Fuels for Ireland, the lobby group representing forecourt retailers, says energy infrastructure has been damaged, with as much as 5% of refineries affected.
There is also the question of timing: even after the Strait of Hormuz fully reopens, a process that may itself take time, tankers still need about 50 days to reach Europe.
Back in late March, the Government reduced excise on petrol by 15 cent per litre, cut diesel by 20 cent per litre, and lowered marked agricultural diesel by three cent.
Those reductions are due to lapse at the end of July unless the Government chooses to extend them.
Asked about the matter this week, Tánaiste and Minister for Finance Simon Harris said the Government would examine it over the next two weeks.
Tánaiste Simon Harris may be open to continuing excise cuts
His reference to damage across energy infrastructure suggests he may be prepared to keep the excise cuts in place.
From a purely economic standpoint, though, any continued slide in oil prices would make it harder to defend extending those reductions.
Across the wider economy, meanwhile, the energy shock has not yet fully worked its way through.
Flogas, Electric Ireland, Pre-Pay Power and Yuno Energy have all announced electricity increases ranging from 8% to 10.9%, along with natural gas rises of between 7.7% and 11.8%.
For thousands of households across the country, that will become a serious strain once energy use climbs again in the autumn.
And when the Dáil returns from its summer recess in September, the Opposition is likely to pile heavy pressure on the Government to deliver more help for consumers in this October’s Budget.
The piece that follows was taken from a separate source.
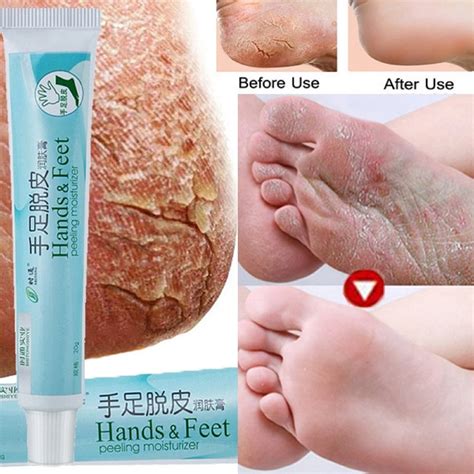 Kokovifyves Cracked Heel Balm Cream For Rough Dry And Cracked Chapped Feet Heel Skin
One of the biggest political questions is whether the Fianna Fáil, Fine Gael and Independents coalition will bring back electricity credits.
Those payments have come at enormous cost to taxpayers in recent years.
By way of example, the €250 credit paid over late 2024 and early 2025 cost the State €550m.
They go not only to vulnerable households but also to wealthier ones, because all 2.2 million electricity accounts receive them.
That means the owner of both a house and a holiday home receives twice as much as someone who owns or rents just one property.
Electricity credits have been enormously expensive for taxpayers in recent years
The Central Bank and Economic & Social Research Institute have both argued that the coalition should use the social welfare system to target supports at lower-income households.
Politically, however, that approach may offer little comfort to TDs keen to support the “squeezed middle” – people outside the social welfare system who are still struggling as household incomes come under pressure.
The difficulty with electricity credits is that once they are introduced, they tend to become politically hard to remove, and any minister who tries can expect to be fiercely attacked in the Dáil.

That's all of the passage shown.